Planned Muslim Response to Qur'an Burning by Pastor Jones on September 11 in Mulberry, Florida

August 19, 2013| Dallas, Texas

Mike Ghouse
Text/Talk: (214) 325-1916

Mirza A Beg
(205) 454-8797


We as Muslims plan to respond to pastor Terry Jones' planned burning of 3000 copies of Quran on September 11, 2013 in positive terms.

Our response - we will reclaim the standard of behavior practiced by the Prophet concerning “scurrilous and hostile criticism of the Qur’an” (Muhammad Asad Translation Note 31, verse 41:34). It was "To overcome evil with good is good, and to resist evil by evil is evil." It is also strongly enjoined in the Qur’an in the same verse 41:34, “Good and evil deeds are not equal. Repel evil with what is better; then you will see that one who was once your enemy has become your dearest friend.”

God willing Muslims will follow the divine guidance and pray for the restoration of Goodwill, and on that day many Muslim organizations will go on a “blood drive” to save lives and serve humanity with kindness.

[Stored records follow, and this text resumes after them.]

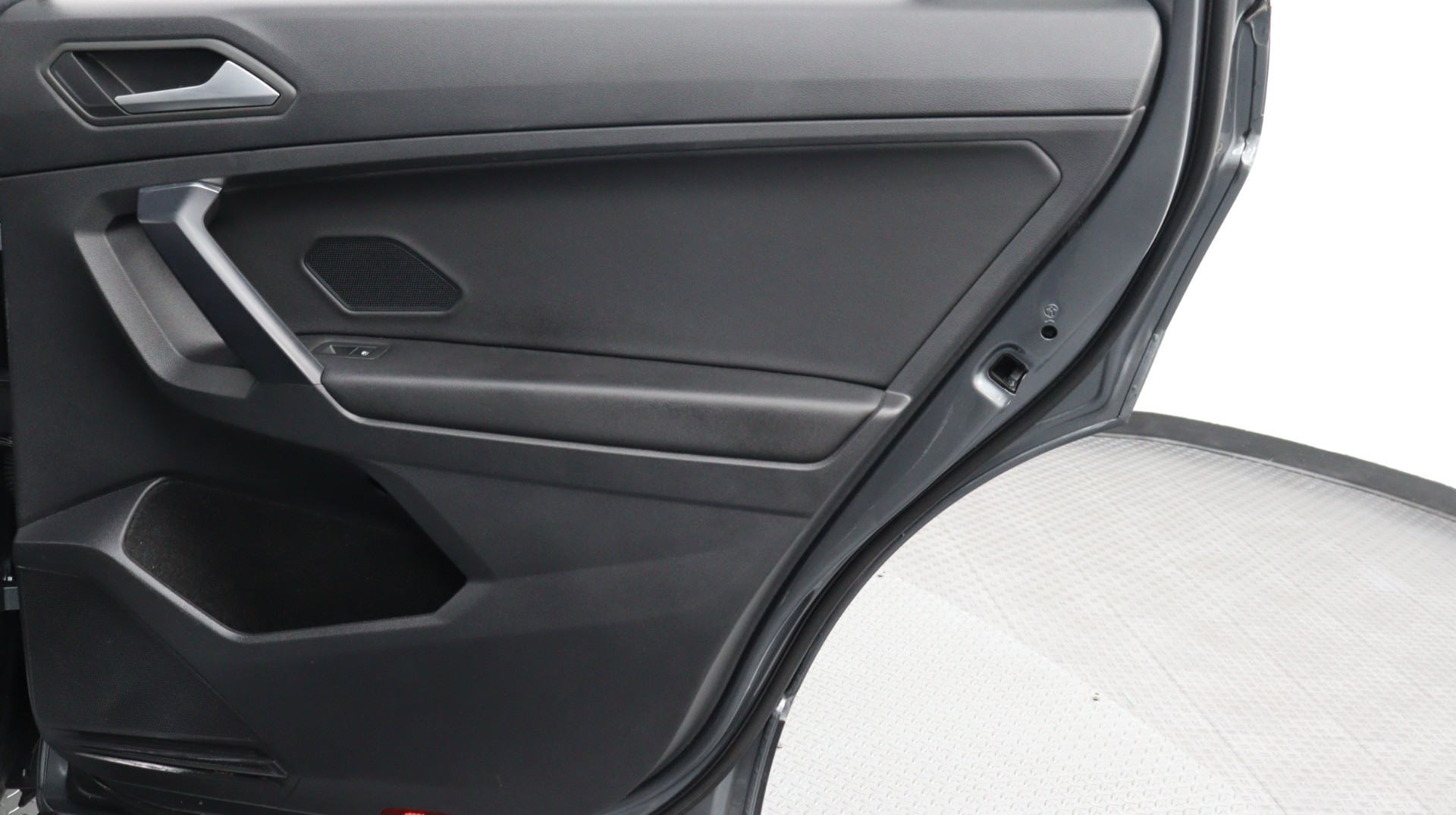 Florida Fine Cars - Used VOLKSWAGEN TIGUAN 2021 MARGATE SE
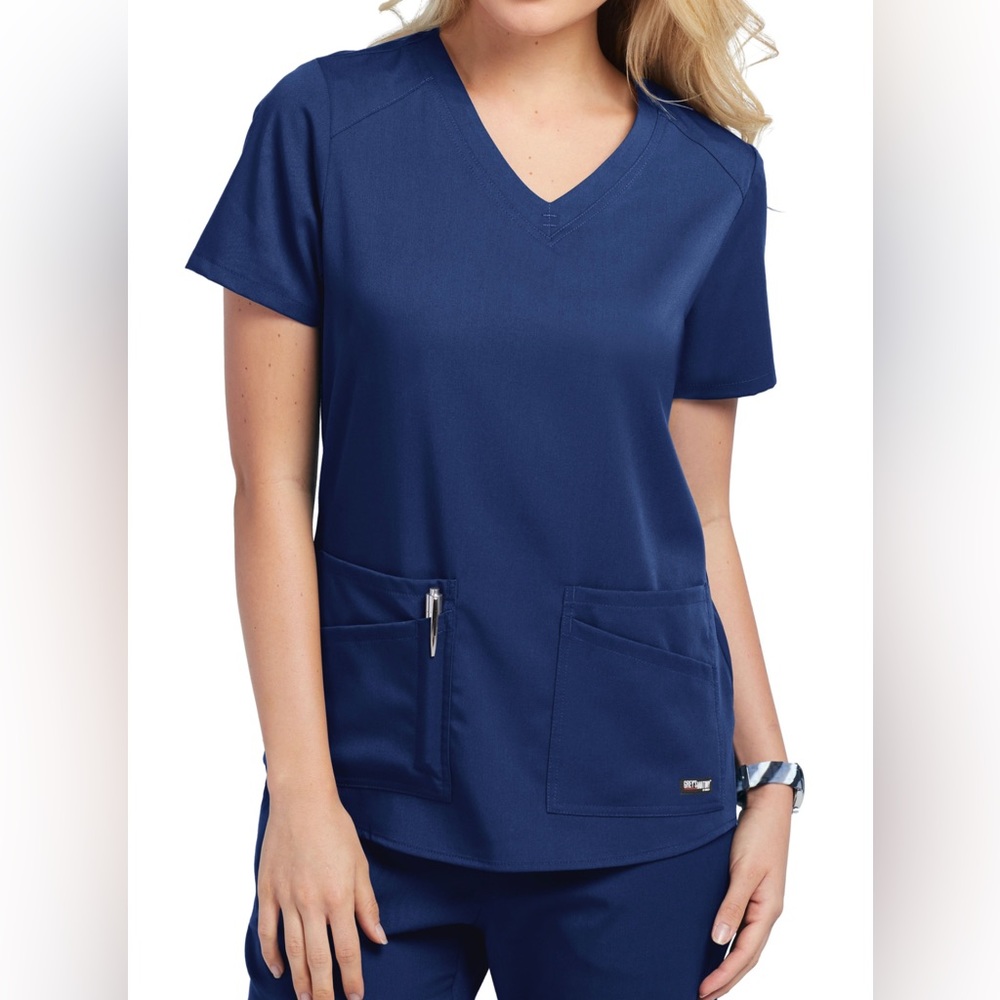 Selling Grey’s Anatomy scrub set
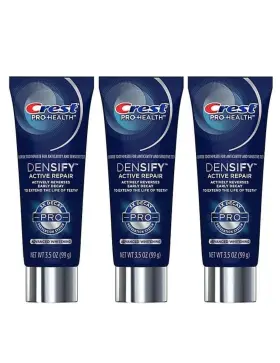 056100084853 CREST Pro Densify Toothpaste Advanced Whitening #2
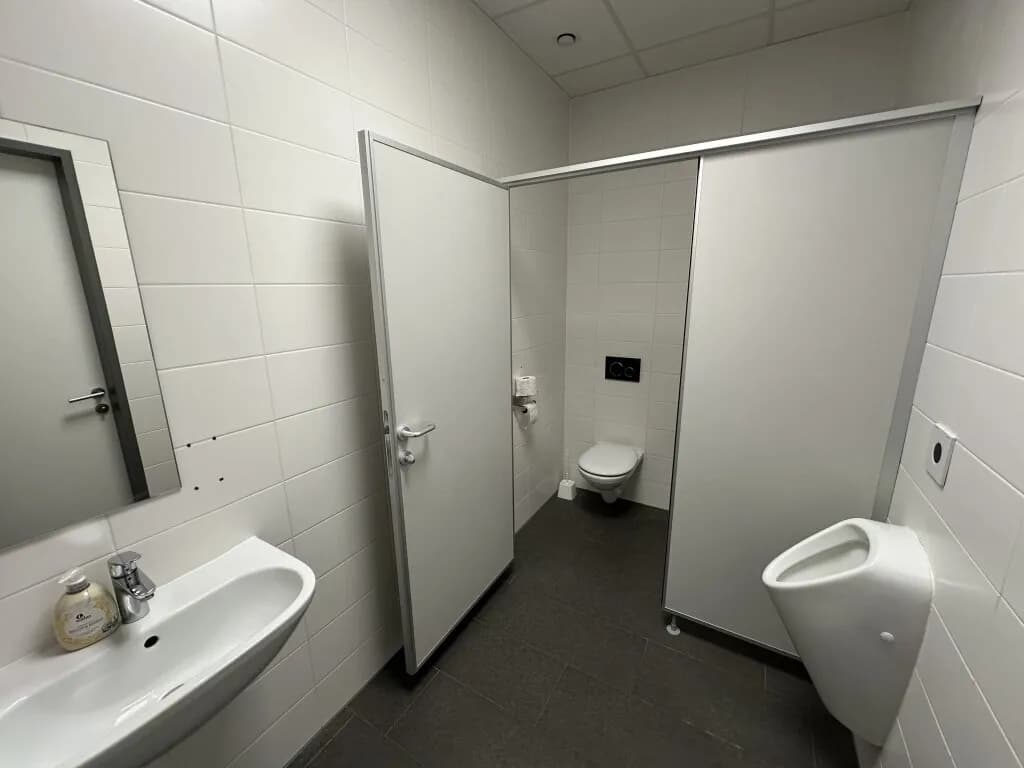 Gewerbeimmobilie mieten in Graz – 250 m², € 7 – Bild 11 von 15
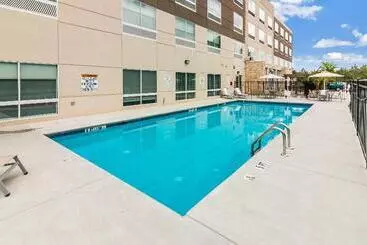 Hotelli Holiday Inn Express   Villa Rica, An Ihg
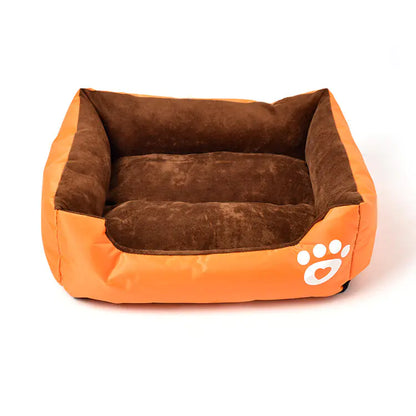 Comfortable Cotton Wool Pet Cage for Soft Relaxation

We invite fellow Americans of all faiths, races, and ethnicities to join us to rededicate the pledge, “One nation under God”, and to build a cohesive America where no American has to live in apprehension, discomfort or fear of fellow Americans. This event is a substitute for our 10th Annual Unity Day Celebration ( held in Dallas, but now it will be at Mulberry, Florida.

Unwittingly Pastor Jones has done us a favor by invigorating us by his decision to burn nearly 3000 copies Quran on September 11, 2013. Obviously he is not satisfied by the notoriety he garnered by burning one Qur'an last year.

As Muslims and citizens we honor the free speech guaranteed in our constitution. We have no intentions to criticize, condemn or oppose Pastor Terry Jones' freedom of expression. Instead, we will be donating blood and praying for goodness to permeate in our society.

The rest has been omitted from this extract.